And I made orders of magnitude more money as an employee in those situations than I did otherwise. The average salaried employee's work grievances are petty to annoying and outside of that either wouldn't be solved with collective bargaining (or ownership shares) or would be solved via the legal system.
Also, it's a job. It's not servitude. you're trading your labor for money.
But I'm drawing the parallel between situations where people like a certain work culture that they have never experienced because it conforms to their larger worldview.
It's mostly projection and doesn't meet with reality.
There's a lot that I like about aspects of Japanese work culture but I'm sure that I would find it stifling.

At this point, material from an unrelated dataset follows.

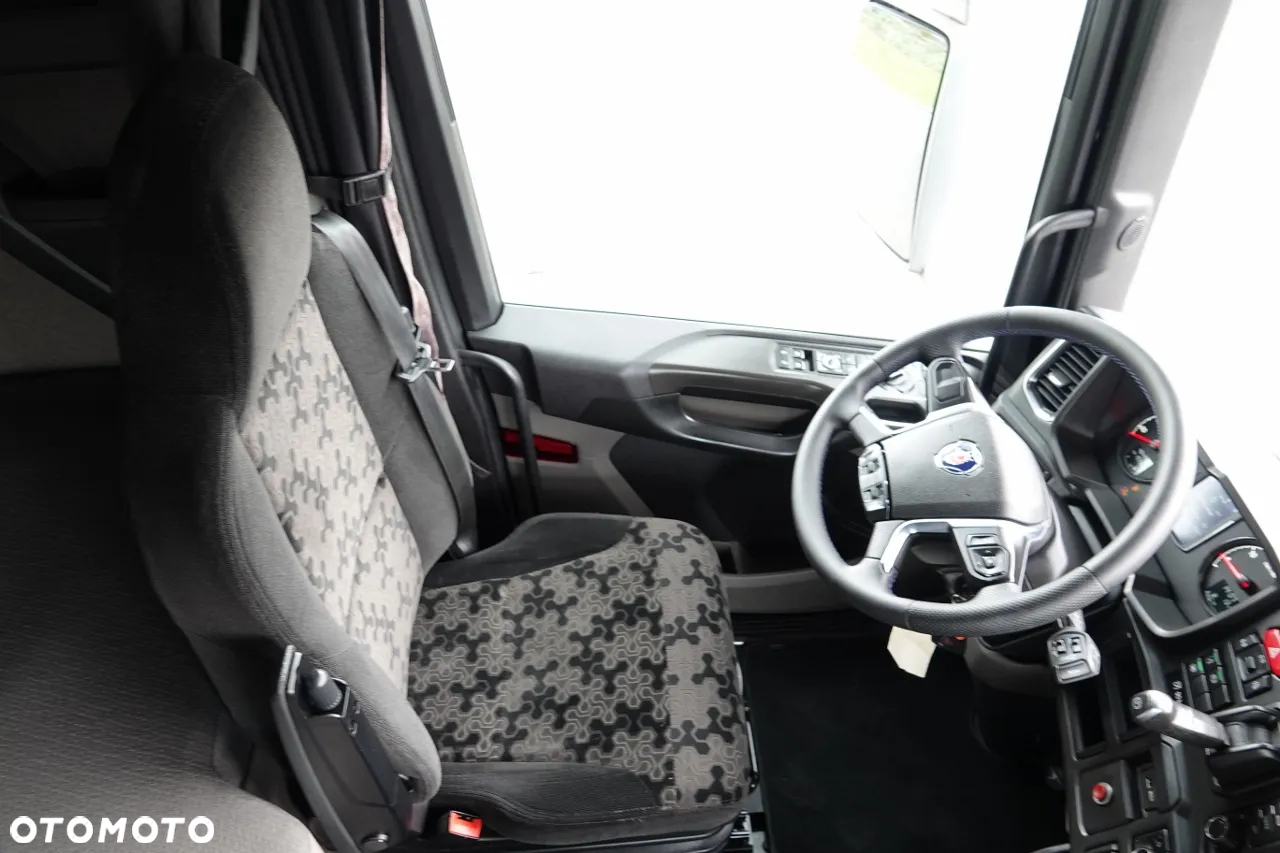 Scania R 450 / RETARDER / NISKA KABINA / EKSPRES /  PO KONTRAKCIE SERWISOWYM - 25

No, far more basic negligence and corruption. Negotiating deliberately bad contracts and collecting bribes. Diverting hours and cushy roles to union reps and their personal friends. Overwhelmingly siding with management against employees (which is what you think they're going to be there NOT to do). The kind of day to day petty shit that over time makes your job intolerable.
Oh and that one time in the retail baker's union (BCTGM) when they defended and successfully reinstated an employee who was terminated for _literally urinating in the cake batter every day for months and feeding it to people_ because it wasn't explicitly stated in the contract that they could use video evidence to terminate people.

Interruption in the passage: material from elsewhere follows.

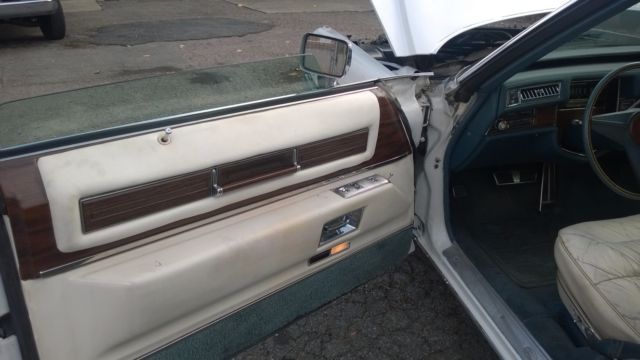 1976 Cadillac DeVille Base Coupe 2-Door - photo 11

If your union is protecting people who commit literal fucking crimes and dangers to public health, no, just fuck you and your union.
So I'm sceptical: was the union really defending that specific employee, or were they trying to prevent a precedent from being set that could be used against other, more upright employees?
The union knew that they had sympathetic arbitration and it was the early years of retail store surveillance being used against employees rather than common criminals (this was decades ago). I doubt a similar case would go the same way today.